These gatherings and noticeable actions do not always allude to holiday gatherings either. These are our everyday citizens, looking to rectify a problem they find troubling. I wish I could name every individual that has shown such civility and selflessness in Patterson and offer them my gratitude, but it would be incredibly difficult. We have yet to cover the local churches, the police department, or our local businesses.
There are more to list, and the number of individuals grows every day.
Although we provide a free paper for the community, I must insist that, without the community’s efforts, the Patterson Irrigator may as well be nothing more than a blank slate.
As of mid-September, the Irrigator hit a snag when one of its only working cameras decided to call it quits, forcing us to take less than desirable pictures on our cell phones.

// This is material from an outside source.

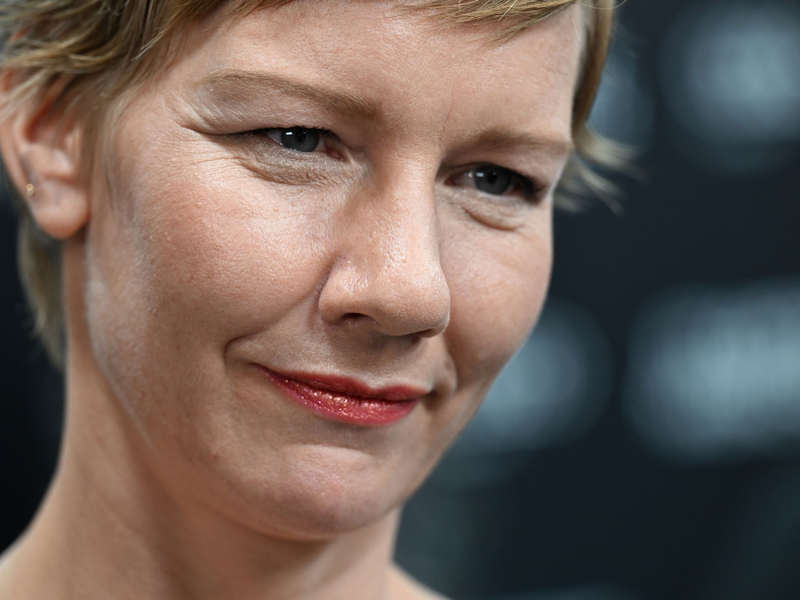 Sandra Hüller gehört zu den Erstunterzeichnerinnen. (Archivbild) - Foto: Felix Hörhager/dpa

Thanks to community efforts, including Elias Pasillas, Randy Sawyer, and various other photographers, we are still managing to provide pictures for our weekly publications.
We continue to encourage the community to share their pictures and stories with the Irrigator, and will offer name-credit to any photographs taken for the Irrigator.
We live in a unique community, small and a bit humble, but it’s thriving. In order for the Irrigator to thrive with it, we are incredibly grateful for any tips and pictures that could be used for our publications. Although the community deserves more than a public thank you, we truly appreciate the sentiments, and hope that our gratitude will carry further than we anticipate.
Once again, thank you, Patterson. Not just for your festive tidings, but for the entire year, and the years to come.